Queen Elizabeth National Park (QENP) is in the Western Region of Uganda, traversing the locale of Kasese, Kamwenge, Rubirizi, and Rukungiri. The recreation area is roughly 400 kilometers (250 mi) by street south-west of Kampala, Uganda's capital and biggest city. The city of Kasese misleads the upper east of the recreation area, while the town of Rubirizi is toward the southeast. The recreation area abuts Kyambura Game Reserve toward the east, which itself appends the Kigezi Game Reserve (counting the Maramagambo Forest) and accordingly the Kibale National Park toward the upper east. The Virunga National Park in the Democratic Republic of the Congo lies across the boundary toward the west. Together, these safeguarded puts totally encompass Lake Edward. The Rwenzori Mountains National Park in Uganda lies not far toward the northwest.
Confusingly, during the 1970s and 1980s, Western traditionalists normally alluded to the recreation area as Rwenzori National Park.
In 1921, a rinderpest scourge and dozing disorder among the native occupants of the locale, the pastoralist Basongora, caused extraordinary demise and displacement from the district. The pestilence was accepted to be brought about by the pilgrim government assuming some pretense of an animals inoculation crusade. The game expanded, and the British pioneer government chose to expel the leftover individuals from maybe 90% of their territories to make game stores. Their homes were burnt and their domesticated animals butchered, making them escape across the boundary and look for asylum in what is currently the Democratic Republic of the Congo.

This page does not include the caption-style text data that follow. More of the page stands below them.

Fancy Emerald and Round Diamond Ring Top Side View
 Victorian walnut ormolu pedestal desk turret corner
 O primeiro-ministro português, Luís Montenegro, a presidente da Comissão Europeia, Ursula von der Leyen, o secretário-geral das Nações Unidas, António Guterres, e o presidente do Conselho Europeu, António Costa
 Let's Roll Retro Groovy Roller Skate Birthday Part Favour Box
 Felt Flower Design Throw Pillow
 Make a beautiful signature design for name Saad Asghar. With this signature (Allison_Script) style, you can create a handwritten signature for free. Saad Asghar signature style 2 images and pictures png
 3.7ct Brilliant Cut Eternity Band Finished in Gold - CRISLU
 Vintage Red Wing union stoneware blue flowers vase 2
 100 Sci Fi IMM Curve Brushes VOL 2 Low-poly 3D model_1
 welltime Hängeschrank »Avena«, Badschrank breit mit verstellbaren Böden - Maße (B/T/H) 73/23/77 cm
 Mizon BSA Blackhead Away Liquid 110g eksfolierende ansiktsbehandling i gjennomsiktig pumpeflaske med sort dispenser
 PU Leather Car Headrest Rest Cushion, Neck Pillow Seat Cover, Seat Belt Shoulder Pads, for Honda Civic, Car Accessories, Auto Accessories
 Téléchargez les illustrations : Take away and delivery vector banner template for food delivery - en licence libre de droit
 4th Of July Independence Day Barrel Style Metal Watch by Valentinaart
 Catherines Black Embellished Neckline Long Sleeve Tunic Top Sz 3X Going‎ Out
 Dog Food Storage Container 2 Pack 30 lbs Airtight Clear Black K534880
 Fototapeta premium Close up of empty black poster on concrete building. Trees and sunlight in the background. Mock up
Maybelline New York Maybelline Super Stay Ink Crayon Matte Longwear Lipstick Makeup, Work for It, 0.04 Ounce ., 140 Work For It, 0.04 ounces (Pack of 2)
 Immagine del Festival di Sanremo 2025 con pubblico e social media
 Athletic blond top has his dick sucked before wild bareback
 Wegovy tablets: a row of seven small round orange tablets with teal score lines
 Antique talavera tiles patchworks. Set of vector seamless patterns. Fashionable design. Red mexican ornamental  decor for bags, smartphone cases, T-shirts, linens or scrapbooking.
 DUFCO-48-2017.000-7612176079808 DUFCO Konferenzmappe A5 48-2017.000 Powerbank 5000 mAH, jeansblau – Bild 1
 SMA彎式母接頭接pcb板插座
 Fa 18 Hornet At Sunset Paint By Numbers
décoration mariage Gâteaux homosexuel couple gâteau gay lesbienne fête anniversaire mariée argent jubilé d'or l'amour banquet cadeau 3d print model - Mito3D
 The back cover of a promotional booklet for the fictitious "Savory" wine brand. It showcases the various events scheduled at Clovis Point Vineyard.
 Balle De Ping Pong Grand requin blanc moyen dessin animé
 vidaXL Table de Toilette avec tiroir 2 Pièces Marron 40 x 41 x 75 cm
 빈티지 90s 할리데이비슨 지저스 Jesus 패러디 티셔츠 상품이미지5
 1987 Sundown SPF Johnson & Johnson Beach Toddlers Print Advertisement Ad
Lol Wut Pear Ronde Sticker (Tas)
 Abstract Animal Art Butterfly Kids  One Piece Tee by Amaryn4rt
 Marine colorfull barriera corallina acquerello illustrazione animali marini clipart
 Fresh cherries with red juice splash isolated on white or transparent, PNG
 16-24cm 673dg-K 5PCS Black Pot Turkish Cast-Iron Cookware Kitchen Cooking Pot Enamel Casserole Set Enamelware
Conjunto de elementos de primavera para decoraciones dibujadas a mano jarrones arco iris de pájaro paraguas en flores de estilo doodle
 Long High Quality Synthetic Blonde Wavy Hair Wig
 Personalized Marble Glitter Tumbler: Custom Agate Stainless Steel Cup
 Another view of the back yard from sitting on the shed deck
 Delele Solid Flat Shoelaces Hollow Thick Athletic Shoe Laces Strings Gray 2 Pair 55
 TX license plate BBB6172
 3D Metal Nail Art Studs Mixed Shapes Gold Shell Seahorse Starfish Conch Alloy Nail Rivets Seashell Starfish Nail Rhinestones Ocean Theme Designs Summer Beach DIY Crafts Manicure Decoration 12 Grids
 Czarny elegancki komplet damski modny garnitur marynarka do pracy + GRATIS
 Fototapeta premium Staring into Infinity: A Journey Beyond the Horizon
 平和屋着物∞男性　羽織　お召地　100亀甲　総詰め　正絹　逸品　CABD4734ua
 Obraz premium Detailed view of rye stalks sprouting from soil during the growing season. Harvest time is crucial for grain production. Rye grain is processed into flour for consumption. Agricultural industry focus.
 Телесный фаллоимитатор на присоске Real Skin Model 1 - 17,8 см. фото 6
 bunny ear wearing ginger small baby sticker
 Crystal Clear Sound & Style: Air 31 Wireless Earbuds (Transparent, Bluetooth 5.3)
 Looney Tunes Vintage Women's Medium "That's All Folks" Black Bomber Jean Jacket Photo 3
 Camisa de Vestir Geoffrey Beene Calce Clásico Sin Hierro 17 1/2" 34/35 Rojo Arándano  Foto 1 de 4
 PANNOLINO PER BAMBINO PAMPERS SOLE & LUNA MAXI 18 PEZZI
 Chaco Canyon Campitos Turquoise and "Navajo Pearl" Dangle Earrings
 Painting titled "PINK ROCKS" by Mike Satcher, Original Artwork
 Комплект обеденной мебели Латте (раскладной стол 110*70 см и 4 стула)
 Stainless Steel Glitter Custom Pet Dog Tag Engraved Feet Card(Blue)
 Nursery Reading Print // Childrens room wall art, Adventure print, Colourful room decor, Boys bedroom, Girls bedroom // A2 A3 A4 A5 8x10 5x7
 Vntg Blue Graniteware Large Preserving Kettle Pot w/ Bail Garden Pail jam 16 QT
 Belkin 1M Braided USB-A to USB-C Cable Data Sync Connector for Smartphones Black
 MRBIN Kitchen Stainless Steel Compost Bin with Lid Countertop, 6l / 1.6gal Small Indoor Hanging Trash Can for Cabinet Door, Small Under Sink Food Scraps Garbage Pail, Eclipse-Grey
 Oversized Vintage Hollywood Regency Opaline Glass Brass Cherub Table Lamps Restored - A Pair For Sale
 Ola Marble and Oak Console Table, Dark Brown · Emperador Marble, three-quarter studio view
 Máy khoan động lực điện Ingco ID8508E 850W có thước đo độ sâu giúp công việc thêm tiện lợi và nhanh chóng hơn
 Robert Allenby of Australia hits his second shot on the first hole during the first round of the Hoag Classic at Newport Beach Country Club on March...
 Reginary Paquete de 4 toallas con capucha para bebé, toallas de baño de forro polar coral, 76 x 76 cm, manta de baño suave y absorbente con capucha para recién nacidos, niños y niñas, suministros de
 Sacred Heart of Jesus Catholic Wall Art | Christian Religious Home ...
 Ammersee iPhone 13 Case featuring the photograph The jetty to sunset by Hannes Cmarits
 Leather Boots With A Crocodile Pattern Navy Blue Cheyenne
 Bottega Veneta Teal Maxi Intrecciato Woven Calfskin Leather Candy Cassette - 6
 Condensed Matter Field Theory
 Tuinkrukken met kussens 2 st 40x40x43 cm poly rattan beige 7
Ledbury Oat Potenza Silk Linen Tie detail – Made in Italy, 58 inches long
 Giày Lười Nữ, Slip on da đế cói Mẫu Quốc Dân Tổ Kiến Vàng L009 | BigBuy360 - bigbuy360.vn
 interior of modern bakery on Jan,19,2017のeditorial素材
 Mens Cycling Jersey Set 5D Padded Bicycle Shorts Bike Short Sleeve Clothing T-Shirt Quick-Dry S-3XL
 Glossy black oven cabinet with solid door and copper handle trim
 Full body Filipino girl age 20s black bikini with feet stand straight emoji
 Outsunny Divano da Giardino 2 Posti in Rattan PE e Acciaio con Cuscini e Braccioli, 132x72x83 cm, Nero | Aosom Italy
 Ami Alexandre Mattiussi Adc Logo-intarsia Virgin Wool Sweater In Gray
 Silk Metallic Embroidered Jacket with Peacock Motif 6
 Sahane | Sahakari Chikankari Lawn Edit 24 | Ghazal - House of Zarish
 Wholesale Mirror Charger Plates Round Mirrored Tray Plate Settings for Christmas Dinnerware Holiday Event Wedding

The recreation area was established in 1952 as Kazinga National Park by joining the Lake George and Lake Edward Game Reserves. It was renamed two years after the fact to recognize a visit by Queen Elizabeth II, and the final common brushing freedoms of the Songora herders were revoked, making thousands more get across the line with their crowds into the Virunga National Park, generally simply starting to return after 1964 because of the difficulty brought about by the Mulele disobedience there.
In 2006 the Basongora had to escape across the line from the DRC, getting comfortable the recreation area toward the north of Lake Edward with their domesticated animals. Assaults by hunters on their property, and absence of pay when their creatures are killed, made them leave out remains bound with poison out to tackle the issue, killing off eleven lions in 2018, among various occurrences. This prompted those in the global the travel industry and protection industry to allude to the circumstance as "public fiasco". Beforehand, poachers killed six elephants in the recreation area in 2015, setting off both resentment and dissatisfaction inside the Ugandan protection local area.